→ Problem statement
Transcribe word for word the section of the records below that opens with the line containing "Photo 12 VIN: 5FNYF6H05HB063391" and closes with the line containing "A wooden cabin"; drop every picture.

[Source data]
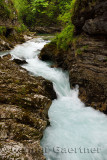 Wood walkway over turquoise water of rapids on Radovna river Vintgar Gorge forest with sedimentary limestone rock layers Sloveni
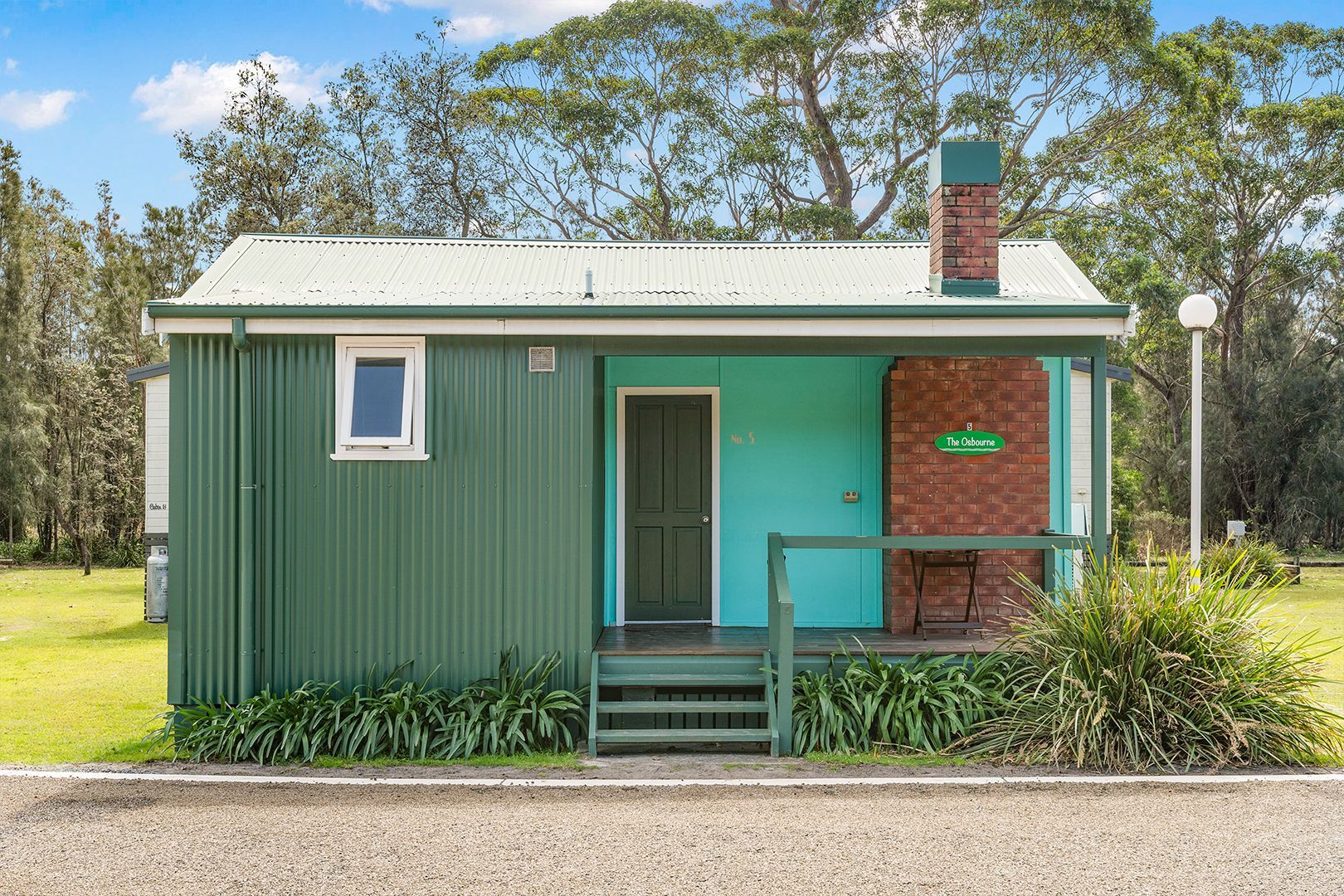 Green and aqua cabin with porch, brick chimney, set on grass near trees — SeaChange Parks Milton in Lake Conjola, NSW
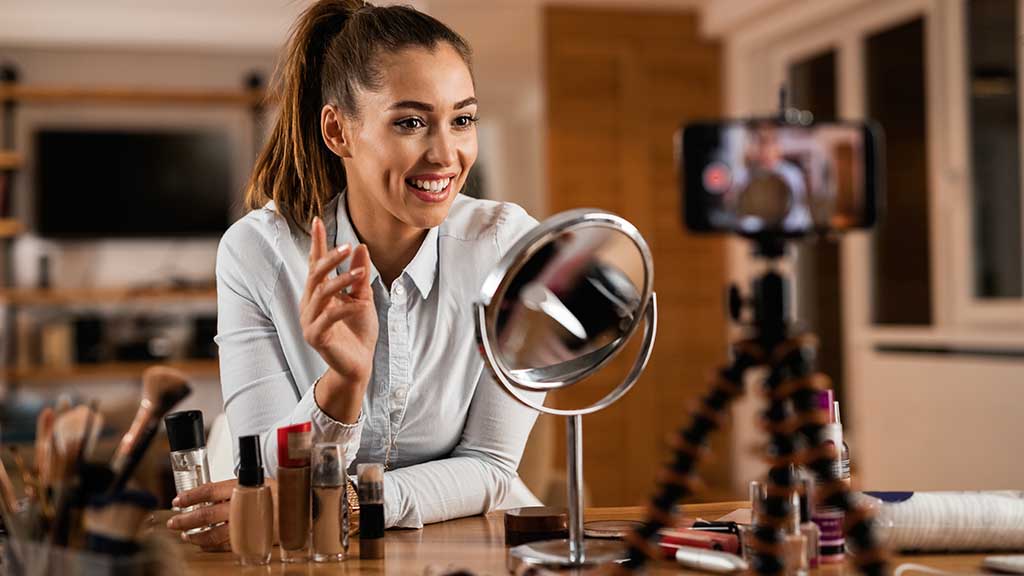 Mulher grava vídeo mostrando produtos de maquiagem como parte de uma estratégia UGC para divulgar marcas de beleza
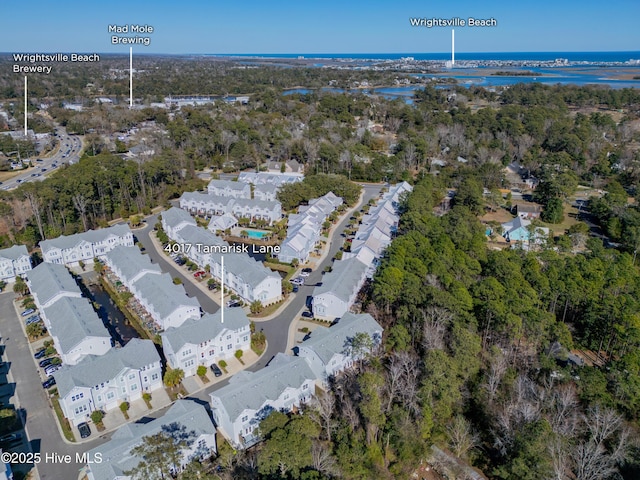 drone / aerial view with a residential view and a water view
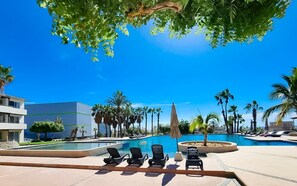 Uma área de piscina com espreguiçadeiras, palmeiras e um edifício moderno ao fundo.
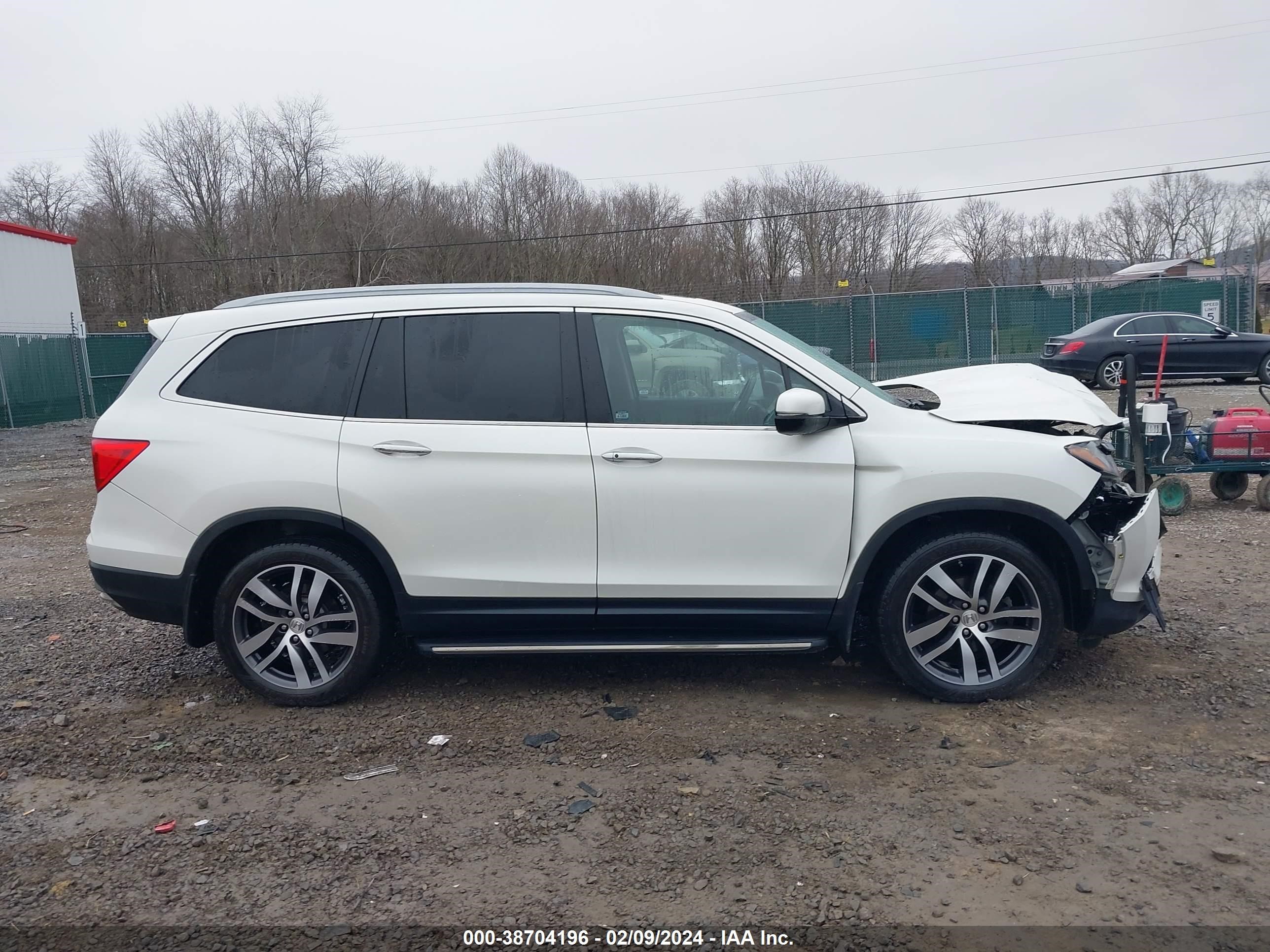 Photo 12 VIN: 5FNYF6H05HB063391 - HONDA PILOT 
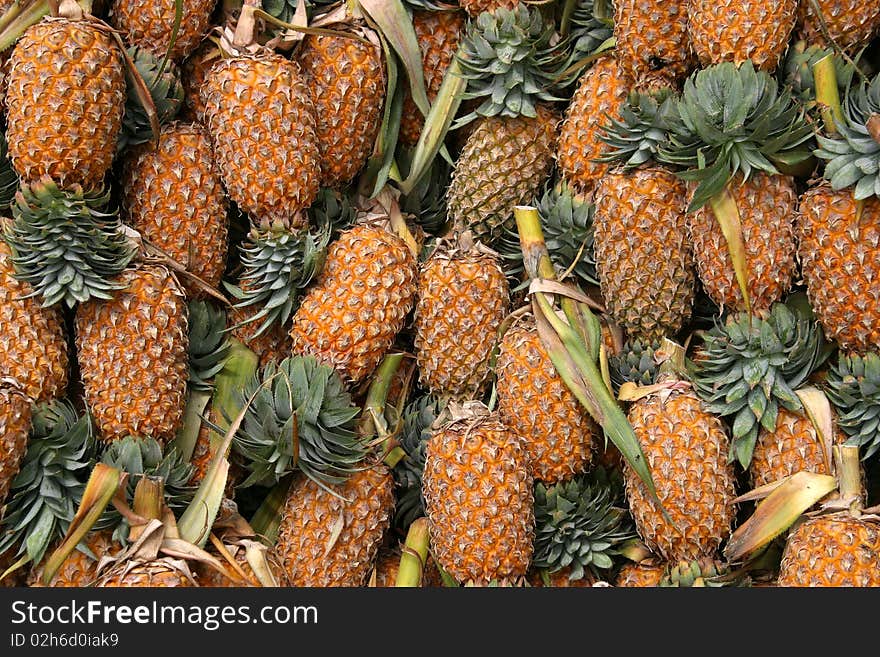 Pineapples in a market place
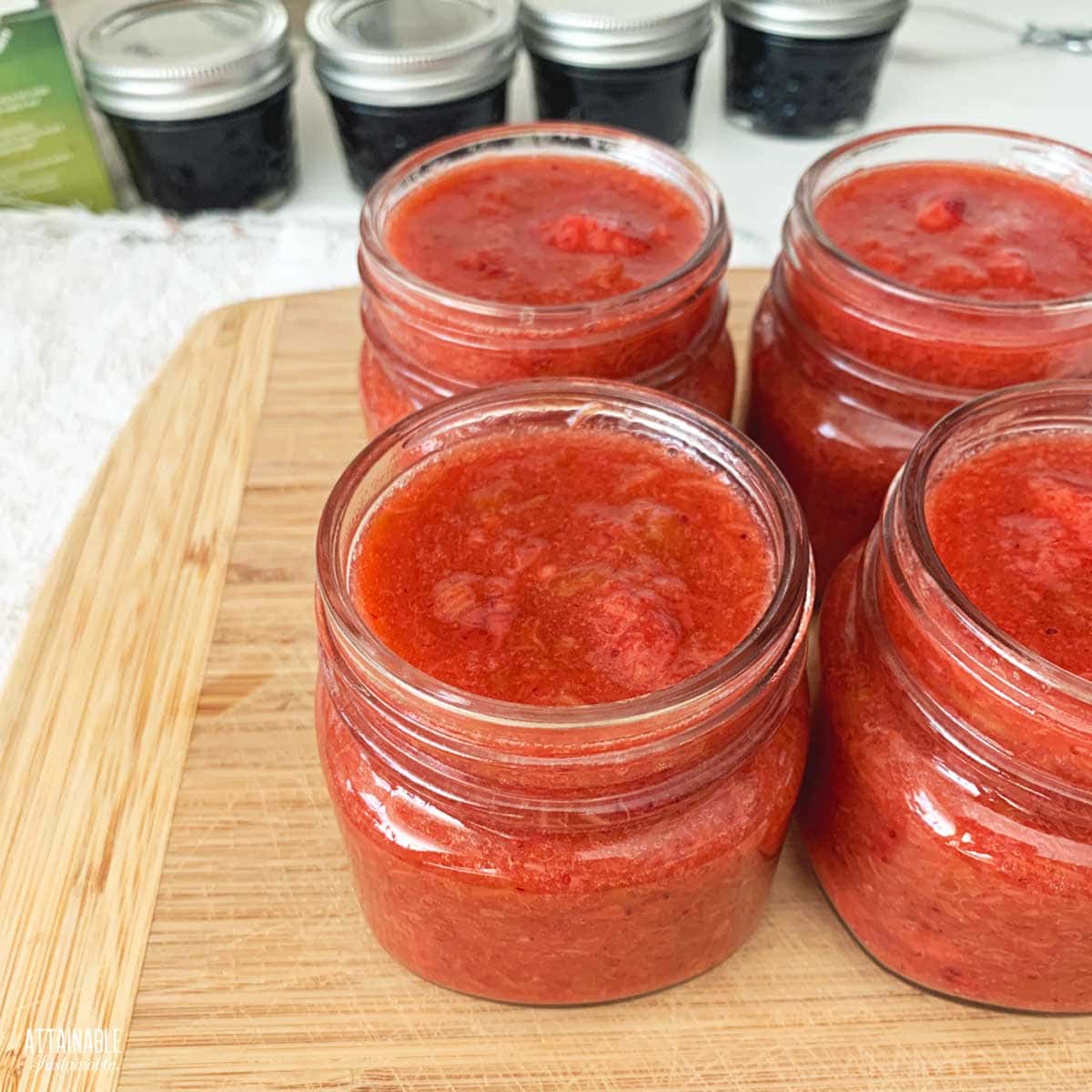 4 jars of strawberry rhubarb jam, no lids.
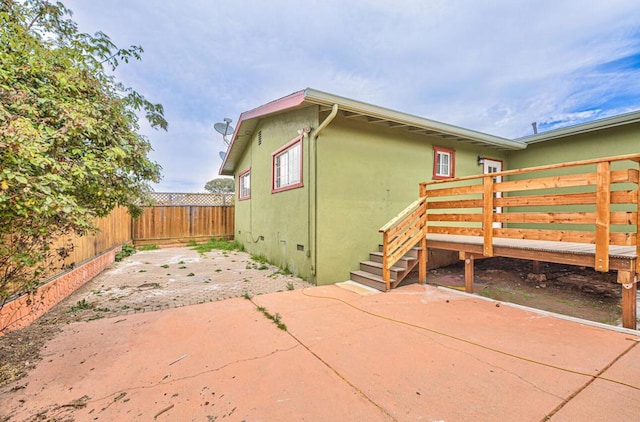 view of side of property featuring a wooden deck and a patio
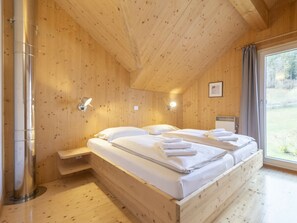 A wooden cabin bedroom with a bed, bedside tables, and a window. - One-bedroom Cabin (Sankt Georgen am Kreischberg)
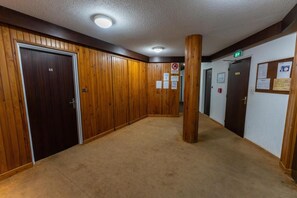 A hallway with wooden paneling, carpeted floors, and doors numbered 66 and 67. - 50m from ski slopes, 5th floor, view forest, balcony, tv, 28m², Les Orres (Les Orres)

→ Solution to the problem
 Photo 12 VIN: 5FNYF6H05HB063391 - HONDA PILOT 
 Pineapples in a market place
 4 jars of strawberry rhubarb jam, no lids.
 view of side of property featuring a wooden deck and a patio
 A wooden cabin bedroom with a bed, bedside tables, and a window. - One-bedroom Cabin (Sankt Georgen am Kreischberg)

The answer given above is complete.